Fabulous news this morning on Debbie Scott - soon to be Baroness Scott! David Cameron has asked Debbie, the CEO of Tomorrow's People, to become a Conservative Peer. Debbie has been a long standing and active member of ACEVO. She is a doughty fighter for unemployed people and also great fun. I loved her quote when she said "I've always seen my job as helping people to focus on their destiny not their history".

I ring to congratulate her. She momentarily phased when I ask her on her mobile "Is that Baroness Scott"!

She will be joining Lord David Freud, another key ACEVO ally, in developing Conservative policy on welfare to work. Great!

2 comments:

Jonathan Sillett said...

Ill-advised as Unite's comments may have been, the Guardian article did in fact state:

She [Maskell] stressed that the union's fire was aimed at the "excessive few" and not at the majority of charities, whose chief executives earn on average £57,000 annually, while those running smaller charities take home "a modest £33,000 a year".

So Dr Kyle's letter misses the point somewhat, which is that it is the excessive rather than the majority of salaries that Unite has the problem with.

Stephen Bubb said...

Fair , but only to a point. They said quite clearly that an excessive City pay culture was pervading the sector . This is not simply untrue but offensive.

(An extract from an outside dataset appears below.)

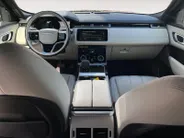 Land Rover Range Rover Velar 2.0 P400e S |Meridian Audiosysteem|Elektrisch bedienbare achterklep| Dodehoek detectie| Trekhaak| 12 maanden Bovag Garantie|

And I simply do mot accept that these examples show " excessive salaries2 I know that in some of the examples qouted the CEO took a significant pay cut to join our sector . Inded 38% of acevo CEOs took pay cuts when they joined their prganisation . i am not prepared to argue we all adopt hair shirts and expect that , unlike the other 2 sectors we cannot pay peole to run significant businesses with skill and expertese a professional level of salary . i will be posting an excellent article by one of the sestors top accountants which makes the point more eloquently than me later today!!